En Suède, votre mission a pu constater que le développement de l’incinération avait répondu, au cours de la Seconde guerre mondiale, à un

impératif d’indépendance énergétique. Depuis lors, les incinérateurs sont perçus comme des centrales thermiques parfaitement intégrées au bouquet énergétique d’une nation caractérisée par d’importants besoins en chauffage, et l’incinération est un élément structurant de la stratégie de croissance verte poursuivie par ce pays.

Ces éléments trouvent leur illustration dans le haut niveau de développement de la chaleur et de l’électricité produites à partir de l’incinération dans ces pays (cf. diagramme).

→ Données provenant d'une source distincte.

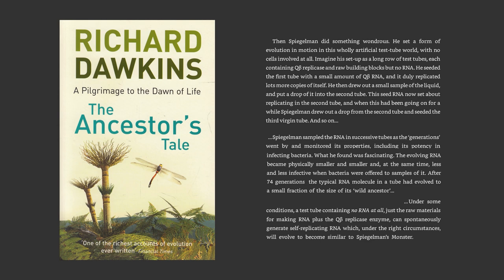I'm going to read a paragraph from The Ancestor's Tale. Spiegelman did something wondrous — he set a form of evolution in motion in this wholly artificial test tube world, with no cells involved at all. Imagine it set up as a long row of test tubes, each containing Q-beta replicase — that's the enzyme — and raw building blocks, but no RNA at all. He seeded the first tube with small amounts of Q-beta RNA, and it duly replicated lots more copies of itself.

Production moyenne d’électricité et de chaleur à partir des installations d’incinération en Europe

Source : CNIM

Selon le Plan d’action déchets 2009-2011, la diminution des émissions de CO2 générées par l’incinération ne peut se faire qu’en réduisant les quantités de déchets dirigées vers les UIOM, et en particulier les fractions émettant du carbone fossile (plastiques notamment). L’incinération est néanmoins génératrice d’émissions évitées, dans la mesure où elle permet la production d’énergie de récupération en substitution à l’énergie d’origine fossile. Les chiffrages en la matière sont très variables :

1) selon l’ADEME1, les 12 à 13 millions de tonnes de déchets incinérés annuellement génèrent 4 millions de tonnes équivalent CO2 et les émissions évitées sont de l’ordre de 1,8 million de tonnes équivalent CO2

(dont 1,6 million de tonnes grâce à la production de chaleur et 0,2 million de tonnes grâce à la production d’électricité) ;

2) selon la FNADE2, les émissions de CO2 générées par l’incinération s’élèvent à 4,5 millions de tonnes équivalent CO2, tandis que les émissions évitées atteignent 4 millions de tonnes (dont 3,5 millions de tonnes pour la valorisation énergétique et 400.000 tonnes pour la valorisation des mâchefers).

L’optimisation des émissions évitées grâce à l’incinération passe, selon l’ADEME, par l’amélioration des performances énergétiques, qui sont elles-mêmes dépendantes des débouchés existants pour l’énergie produite par l’UIOM (cf. infra). Précisément, votre rapporteur relève que l’arrêté du 15 décembre 2009 relatif à la programmation pluriannuelle des investissements de production de chaleur prévoit, pour la part renouvelable des déchets, des objectifs de développement de 470 kilotonnes équivalent pétrole au 31 décembre 2012 et de 900 kilotonnes équivalent pétrole au 31 décembre 2020. Le point de départ se situant à 400 kilotonnes en 2006, les seules pistes disponibles pour atteindre les objectifs sont, selon les conclusions du comité opérationnel n° 10 du Grenelle, le développement des réseaux de chaleur sur UIOM et le rapprochement des utilisateurs de chaleur de ces installations.

Ces éléments confortent votre mission d’information dans la conviction que l’incinération doit, en tant qu’outil de valorisation énergétique, être considérée comme une véritable opportunité de développer les énergies renouvelables et d’atteindre les objectifs assignés à notre pays consécutivement à l’adoption du Paquet « Energie-Climat ».